Commonly utilized photothermographic elements comprise a support bearing,
in reactive association, in a binder, such as poly(vinyl butyral), (a)
photosensitive silver halide, prepared ex situ and/or in situ, and (b) an
oxidation-reduction image-forming combination comprising (i) an organic
silver salt oxidizing agent, preferably a silver salt of a long chain
fatty acid, such as silver behenate, with (ii) a reducing agent for the
organic silver salt oxidizing agent, preferably a phenolic reducing agent.
The photothermographic silver halide element can comprise other addenda
known in the art to help in providing a useful image, such as optional
toning agents and image stabilizers. A preferred photothermographic
element comprises a support bearing, in reactive association, in a binder,
particularly a poly(vinyl butyral) binder, (a) photographic silver halide,
prepared in situ and/or ex situ, (b) an oxidation-reduction image forming
combination comprising (i) silver behenate, with (ii) a phenolic reducing
agent for the silver behenate, (c) a toning agent, such as succinimide,
and (d) an image stabilizer, such as
2-bromo-2-(4-methylphenylsulfonyl)acetamide.

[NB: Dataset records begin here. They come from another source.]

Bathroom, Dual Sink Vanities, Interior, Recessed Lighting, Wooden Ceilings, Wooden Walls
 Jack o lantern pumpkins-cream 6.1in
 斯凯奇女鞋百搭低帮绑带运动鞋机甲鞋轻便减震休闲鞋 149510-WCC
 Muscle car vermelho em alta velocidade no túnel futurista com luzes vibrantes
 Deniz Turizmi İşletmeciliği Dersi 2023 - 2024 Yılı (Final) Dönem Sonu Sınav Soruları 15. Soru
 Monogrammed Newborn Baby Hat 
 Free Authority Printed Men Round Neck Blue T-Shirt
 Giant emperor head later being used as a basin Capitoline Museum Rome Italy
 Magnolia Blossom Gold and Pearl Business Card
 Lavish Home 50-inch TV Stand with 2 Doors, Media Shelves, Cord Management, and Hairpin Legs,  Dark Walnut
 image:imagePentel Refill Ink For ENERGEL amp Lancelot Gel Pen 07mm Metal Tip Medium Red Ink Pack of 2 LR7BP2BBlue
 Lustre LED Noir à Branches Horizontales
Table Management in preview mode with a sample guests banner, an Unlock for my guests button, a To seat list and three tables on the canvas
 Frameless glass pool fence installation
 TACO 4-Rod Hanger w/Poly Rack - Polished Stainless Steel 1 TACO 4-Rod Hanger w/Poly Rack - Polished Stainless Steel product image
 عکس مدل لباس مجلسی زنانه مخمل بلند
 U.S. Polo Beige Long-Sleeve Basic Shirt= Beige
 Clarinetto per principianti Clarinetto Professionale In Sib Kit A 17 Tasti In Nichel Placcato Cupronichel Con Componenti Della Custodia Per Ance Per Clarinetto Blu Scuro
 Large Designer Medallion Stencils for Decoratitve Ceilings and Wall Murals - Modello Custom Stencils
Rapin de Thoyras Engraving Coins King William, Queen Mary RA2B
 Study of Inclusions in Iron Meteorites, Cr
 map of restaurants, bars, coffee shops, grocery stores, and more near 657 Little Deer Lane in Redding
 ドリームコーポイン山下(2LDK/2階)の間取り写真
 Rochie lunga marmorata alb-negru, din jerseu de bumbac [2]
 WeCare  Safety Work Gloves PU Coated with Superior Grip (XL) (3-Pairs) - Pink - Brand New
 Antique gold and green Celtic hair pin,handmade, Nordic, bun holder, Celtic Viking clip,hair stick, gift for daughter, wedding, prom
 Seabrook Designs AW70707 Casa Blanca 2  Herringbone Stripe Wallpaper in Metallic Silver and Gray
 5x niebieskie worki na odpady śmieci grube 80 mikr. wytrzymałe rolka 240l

The photothermographic element typically has an overcoat layer that helps
protect the element from undesired marks. Such an overcoat can be, for
example, a polymer as described in the photothermographic art. Such an
overcoat can also be an overcoat comprising poly(silicic acid) and
poly(vinyl alcohol) as described in U.S. Pat. No. 4,741,992.
The optimum layer thickness of the layers of the photothermographic element
depends upon such factors as the processing conditions, thermal processing
means, particular components of the element and the desired image. The
layers typically have a layer thickness within the range of about 1 to
about 10 microns.
The photothermographic element comprises a photosensitive component that
consists essentially of photographic silver halide. In the
photothermographic element it is believed that the latent image silver
from the photographic silver halide acts as a catalyst for the described
oxidation-reduction image-forming combination upon processing. A preferred
concentration of photographic silver halide is within the range of about
0.01 to about 10 moles of silver halide per mole of silver behenate in the
photothermographic element. Other photosensitive silver salts are useful
in combination with the photographic silver halide if desired. Preferred
photographic silver halides are silver chloride, silver bromide, silver
bromoiodide, silver chlorobromoiodide and mixtures of these silver
halides. Very fine grain photographic silver halide is especially useful.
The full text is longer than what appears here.